* What is needed *
From the first line of the data down to the line bearing "flower ring - 1", output every line exactly and include no pictures.

(Beginning of Records shown)

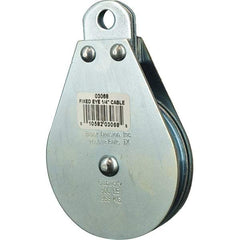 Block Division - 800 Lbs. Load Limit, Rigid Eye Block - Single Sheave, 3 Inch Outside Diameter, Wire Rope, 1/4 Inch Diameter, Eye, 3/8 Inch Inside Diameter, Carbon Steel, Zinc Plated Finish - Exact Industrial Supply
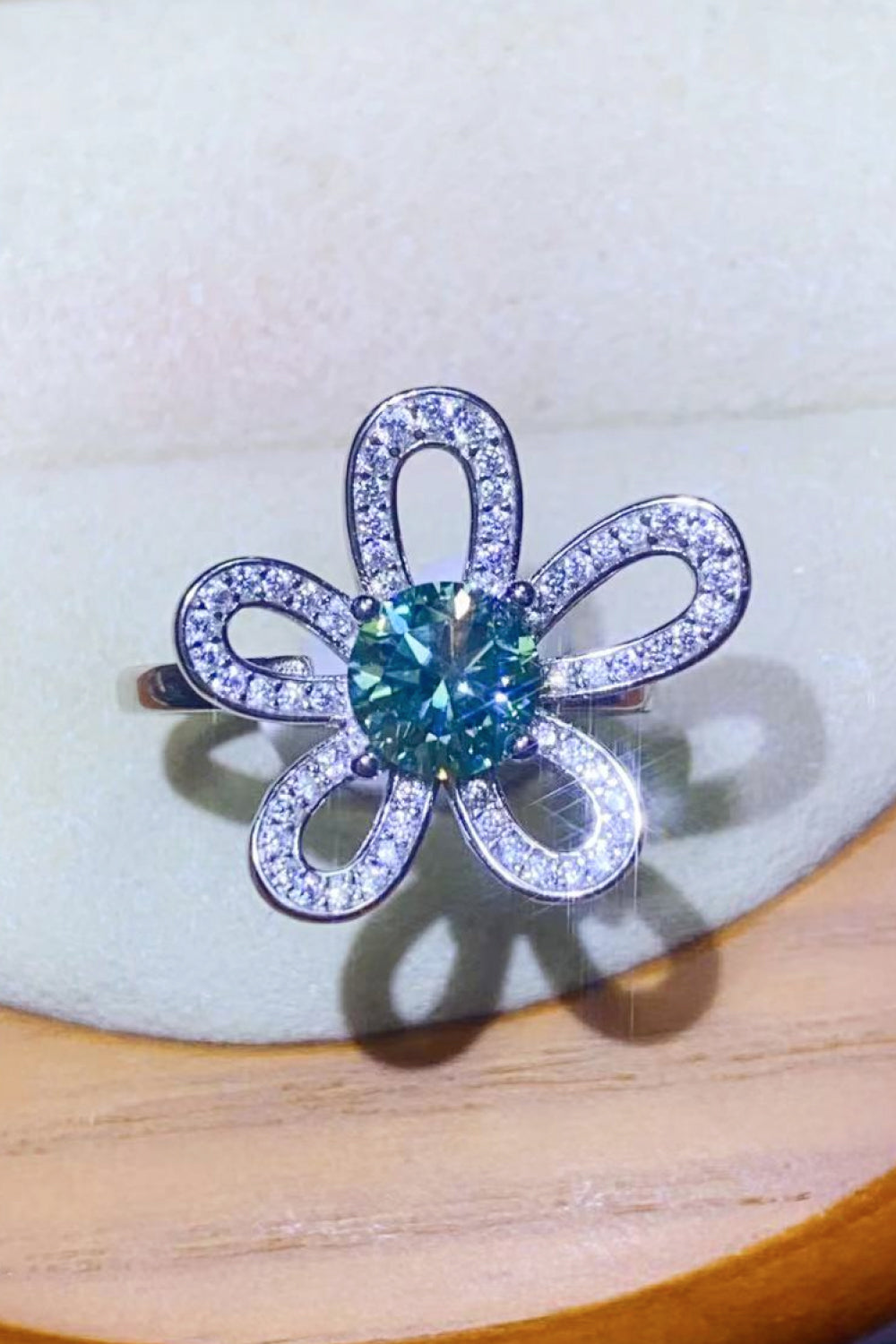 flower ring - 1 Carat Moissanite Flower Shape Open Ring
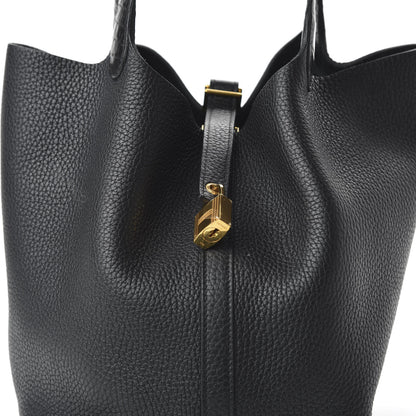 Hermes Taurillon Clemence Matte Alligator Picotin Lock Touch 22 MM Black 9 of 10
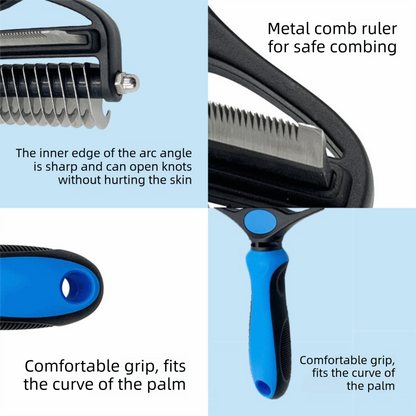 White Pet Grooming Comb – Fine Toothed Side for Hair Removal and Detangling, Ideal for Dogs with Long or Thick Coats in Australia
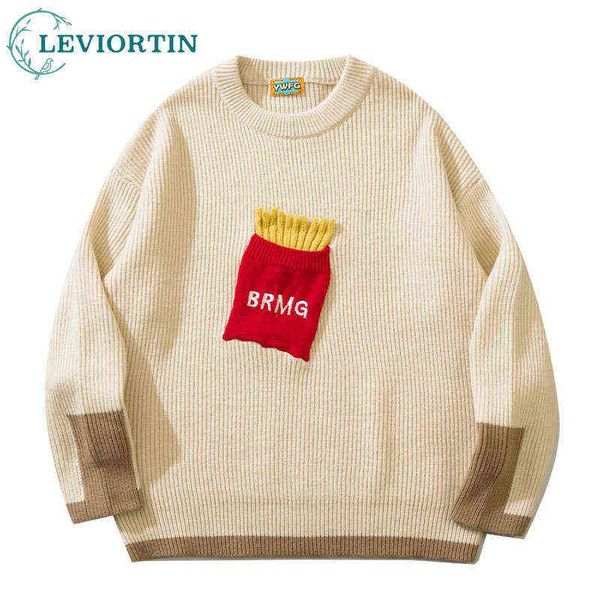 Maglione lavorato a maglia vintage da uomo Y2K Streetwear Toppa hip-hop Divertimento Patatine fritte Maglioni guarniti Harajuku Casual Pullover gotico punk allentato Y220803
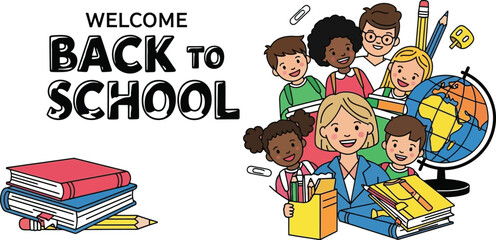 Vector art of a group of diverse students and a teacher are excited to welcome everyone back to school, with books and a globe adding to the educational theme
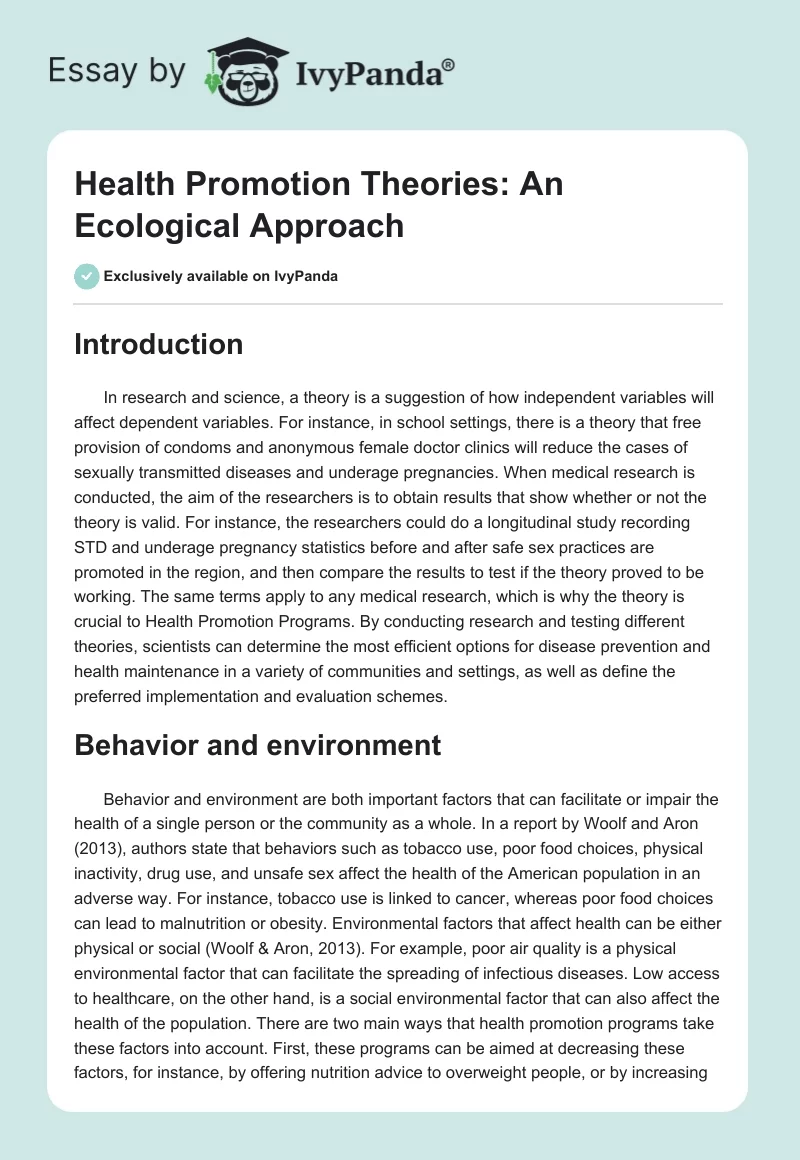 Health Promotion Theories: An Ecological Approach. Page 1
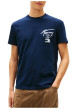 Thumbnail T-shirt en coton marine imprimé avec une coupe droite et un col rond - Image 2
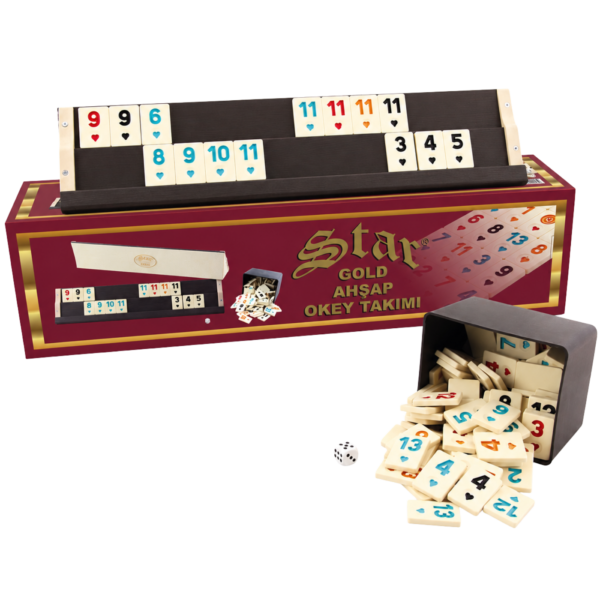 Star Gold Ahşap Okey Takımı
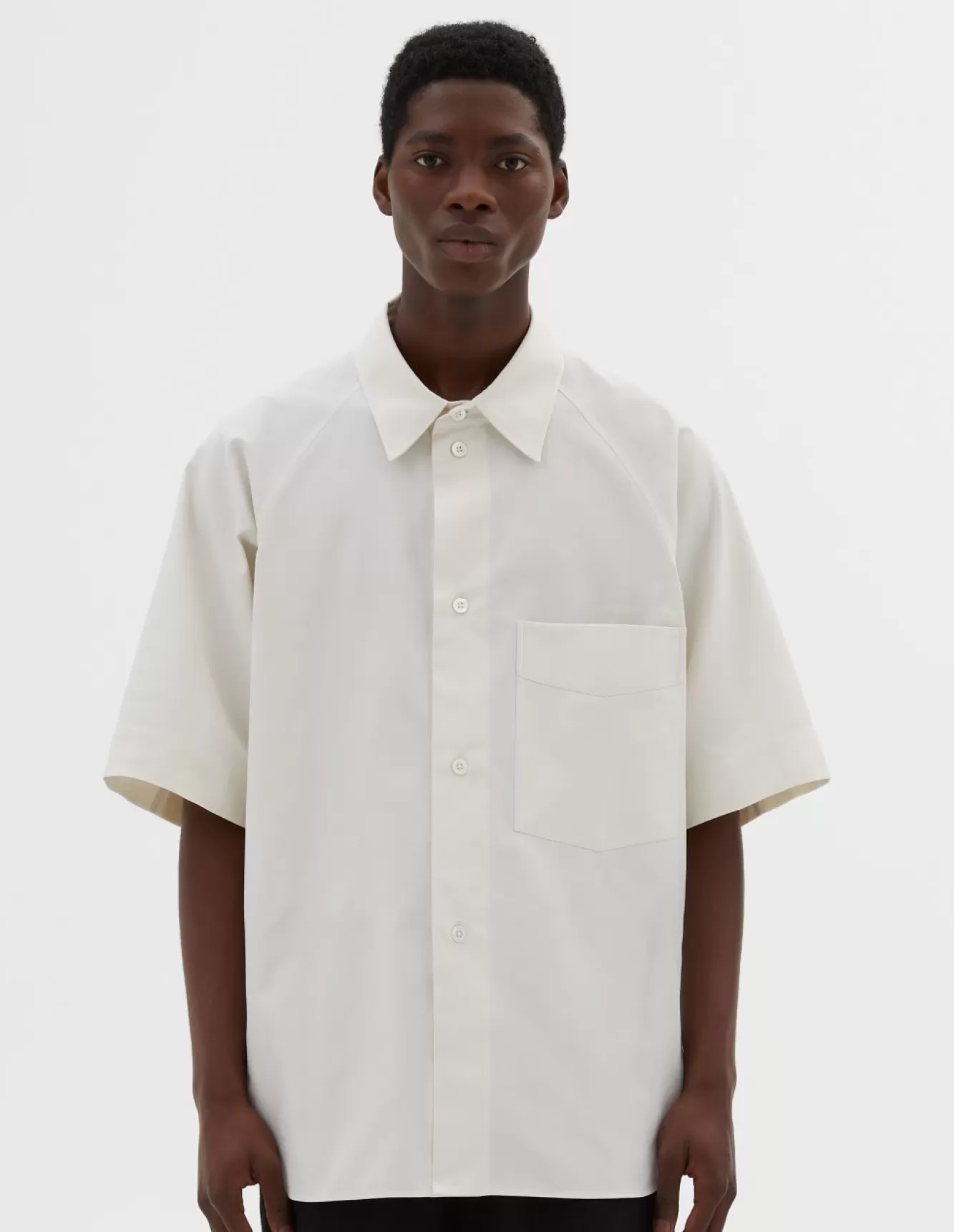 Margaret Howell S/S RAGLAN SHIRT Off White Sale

(End of Records shown)

* Result of this exercise *
 Block Division - 800 Lbs. Load Limit, Rigid Eye Block - Single Sheave, 3 Inch Outside Diameter, Wire Rope, 1/4 Inch Diameter, Eye, 3/8 Inch Inside Diameter, Carbon Steel, Zinc Plated Finish - Exact Industrial Supply
 flower ring - 1 Carat Moissanite Flower Shape Open Ring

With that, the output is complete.